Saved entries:

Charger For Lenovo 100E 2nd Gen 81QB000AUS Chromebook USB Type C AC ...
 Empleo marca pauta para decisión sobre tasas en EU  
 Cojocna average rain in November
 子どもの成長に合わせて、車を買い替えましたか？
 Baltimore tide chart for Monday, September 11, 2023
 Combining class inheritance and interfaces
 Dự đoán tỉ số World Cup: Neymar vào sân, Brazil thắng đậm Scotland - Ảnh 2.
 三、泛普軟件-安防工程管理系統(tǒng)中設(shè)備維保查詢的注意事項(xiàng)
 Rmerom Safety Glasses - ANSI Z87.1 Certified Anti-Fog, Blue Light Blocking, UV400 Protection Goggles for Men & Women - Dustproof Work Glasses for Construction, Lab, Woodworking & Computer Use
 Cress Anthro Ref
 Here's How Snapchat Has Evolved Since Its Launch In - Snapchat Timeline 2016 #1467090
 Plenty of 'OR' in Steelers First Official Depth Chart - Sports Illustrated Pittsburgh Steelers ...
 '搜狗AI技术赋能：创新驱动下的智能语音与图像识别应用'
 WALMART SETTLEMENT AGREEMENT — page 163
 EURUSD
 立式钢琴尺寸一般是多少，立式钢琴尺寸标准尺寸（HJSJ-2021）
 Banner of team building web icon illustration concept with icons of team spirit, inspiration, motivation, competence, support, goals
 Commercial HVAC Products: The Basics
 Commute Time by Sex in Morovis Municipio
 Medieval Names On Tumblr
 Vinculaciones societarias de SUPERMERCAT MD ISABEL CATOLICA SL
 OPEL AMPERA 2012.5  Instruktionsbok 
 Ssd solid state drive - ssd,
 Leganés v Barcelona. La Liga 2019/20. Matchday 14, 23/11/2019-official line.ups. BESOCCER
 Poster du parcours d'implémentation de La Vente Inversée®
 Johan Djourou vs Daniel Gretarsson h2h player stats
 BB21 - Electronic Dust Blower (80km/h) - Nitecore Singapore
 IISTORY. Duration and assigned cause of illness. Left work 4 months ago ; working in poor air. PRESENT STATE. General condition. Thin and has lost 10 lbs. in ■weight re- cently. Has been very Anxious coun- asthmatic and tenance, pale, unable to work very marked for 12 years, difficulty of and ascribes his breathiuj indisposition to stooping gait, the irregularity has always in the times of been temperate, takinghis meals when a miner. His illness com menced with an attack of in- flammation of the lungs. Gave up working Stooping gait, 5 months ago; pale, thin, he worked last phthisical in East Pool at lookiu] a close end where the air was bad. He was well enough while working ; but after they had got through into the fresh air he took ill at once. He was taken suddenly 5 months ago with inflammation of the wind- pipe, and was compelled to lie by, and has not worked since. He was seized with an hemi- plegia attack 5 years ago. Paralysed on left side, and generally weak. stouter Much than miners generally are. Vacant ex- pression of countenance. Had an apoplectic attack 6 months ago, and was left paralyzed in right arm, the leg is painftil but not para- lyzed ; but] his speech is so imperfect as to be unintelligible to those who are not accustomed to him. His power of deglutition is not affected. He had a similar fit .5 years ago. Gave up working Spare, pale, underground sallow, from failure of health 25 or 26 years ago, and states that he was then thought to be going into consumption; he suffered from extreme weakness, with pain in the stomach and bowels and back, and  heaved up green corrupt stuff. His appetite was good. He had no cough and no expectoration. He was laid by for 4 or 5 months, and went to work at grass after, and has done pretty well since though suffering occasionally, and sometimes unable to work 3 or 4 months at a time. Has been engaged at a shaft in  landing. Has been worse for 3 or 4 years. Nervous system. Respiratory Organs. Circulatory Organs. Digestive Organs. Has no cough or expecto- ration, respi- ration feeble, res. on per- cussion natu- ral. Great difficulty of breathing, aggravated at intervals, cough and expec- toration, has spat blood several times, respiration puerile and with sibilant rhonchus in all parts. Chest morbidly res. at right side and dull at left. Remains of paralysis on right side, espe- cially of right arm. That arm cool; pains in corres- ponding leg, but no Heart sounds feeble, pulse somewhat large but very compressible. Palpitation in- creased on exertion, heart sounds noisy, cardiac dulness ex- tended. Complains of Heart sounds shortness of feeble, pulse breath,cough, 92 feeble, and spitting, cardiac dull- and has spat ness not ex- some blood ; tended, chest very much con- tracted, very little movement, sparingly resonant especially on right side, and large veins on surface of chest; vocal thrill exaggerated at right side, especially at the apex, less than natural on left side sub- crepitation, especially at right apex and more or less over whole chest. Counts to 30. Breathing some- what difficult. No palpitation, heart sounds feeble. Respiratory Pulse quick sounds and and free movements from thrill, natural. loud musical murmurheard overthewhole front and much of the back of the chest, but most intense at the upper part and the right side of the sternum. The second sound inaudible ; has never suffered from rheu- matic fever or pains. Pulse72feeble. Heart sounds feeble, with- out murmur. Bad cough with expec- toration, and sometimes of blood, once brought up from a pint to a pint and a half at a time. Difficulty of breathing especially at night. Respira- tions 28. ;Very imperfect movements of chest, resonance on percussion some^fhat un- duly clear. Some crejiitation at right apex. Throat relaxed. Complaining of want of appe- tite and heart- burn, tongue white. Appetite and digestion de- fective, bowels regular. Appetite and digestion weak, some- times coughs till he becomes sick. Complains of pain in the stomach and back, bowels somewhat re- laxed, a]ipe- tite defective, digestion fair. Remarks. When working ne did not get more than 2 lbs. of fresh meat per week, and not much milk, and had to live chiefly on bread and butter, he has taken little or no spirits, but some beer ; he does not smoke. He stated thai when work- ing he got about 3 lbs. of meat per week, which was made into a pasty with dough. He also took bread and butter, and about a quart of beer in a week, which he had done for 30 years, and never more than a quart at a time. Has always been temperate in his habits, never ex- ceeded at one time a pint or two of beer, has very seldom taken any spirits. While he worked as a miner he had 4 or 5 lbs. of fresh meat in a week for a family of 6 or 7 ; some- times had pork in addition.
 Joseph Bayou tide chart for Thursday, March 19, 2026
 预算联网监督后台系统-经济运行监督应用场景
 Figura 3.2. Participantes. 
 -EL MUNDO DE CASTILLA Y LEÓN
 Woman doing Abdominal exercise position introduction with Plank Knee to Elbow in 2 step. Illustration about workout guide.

Exercise | Among the lines above, repeat exactly those from the line with "OPEL AMPERA 2012.5" to the line with "BB21 - Electronic", counting both ends.

Response to this task |
 OPEL AMPERA 2012.5  Instruktionsbok 
 Ssd solid state drive - ssd,
 Leganés v Barcelona. La Liga 2019/20. Matchday 14, 23/11/2019-official line.ups. BESOCCER
 Poster du parcours d'implémentation de La Vente Inversée®
 Johan Djourou vs Daniel Gretarsson h2h player stats
 BB21 - Electronic Dust Blower (80km/h) - Nitecore Singapore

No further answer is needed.